Proposed code cleanup by Lestropie · Pull Request #1 · mblesac/mrtrix3

Lestropie · 2021-11-15T08:19:24Z

I had some fun cleaning up and Pythonifying the code and so now have a bit of a clearer picture as to what's going on. Given I don't yet have any exemplar data I've not made any attempt at all to run it, so there may well be outright syntax errors in there let alone runtime issues; but depending on their severity / how cryptic the errors are you might be able to address some stuff at your end (feel free to commit directly to this branch if you wish). My changes should also clean up the terminal output quite a bit.

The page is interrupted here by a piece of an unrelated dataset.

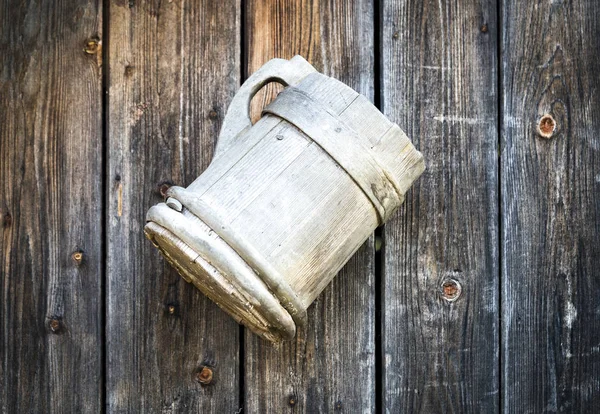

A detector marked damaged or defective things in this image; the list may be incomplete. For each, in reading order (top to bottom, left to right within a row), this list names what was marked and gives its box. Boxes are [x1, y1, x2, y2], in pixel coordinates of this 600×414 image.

This PR proposes merging my new branch on your fork into the master branch of your fork. Therefore, once this PR is merged, the corresponding changes will appear in MRtrix3#2393. So we will use this PR to discuss the cleanup / refactoring between us, and then MRtrix3#2393 can be used for final discussion with a wider audience before merge into the MRtrix3 dev branch.

I'm tempted to suggest that the dHCP pipeline should be a separate 5ttgen algorithm.
While it's true that the joint label fusion with the M-CRIB data is executed in both scenarios:

In the absence of the dHCP pipeline, that forms the entirety of the output data;
In the presence of the dHCP pipeline, it forms the vast minority of the output data, only being used to insert additional sub-cortical grey matter structures into the dHCP segmentation.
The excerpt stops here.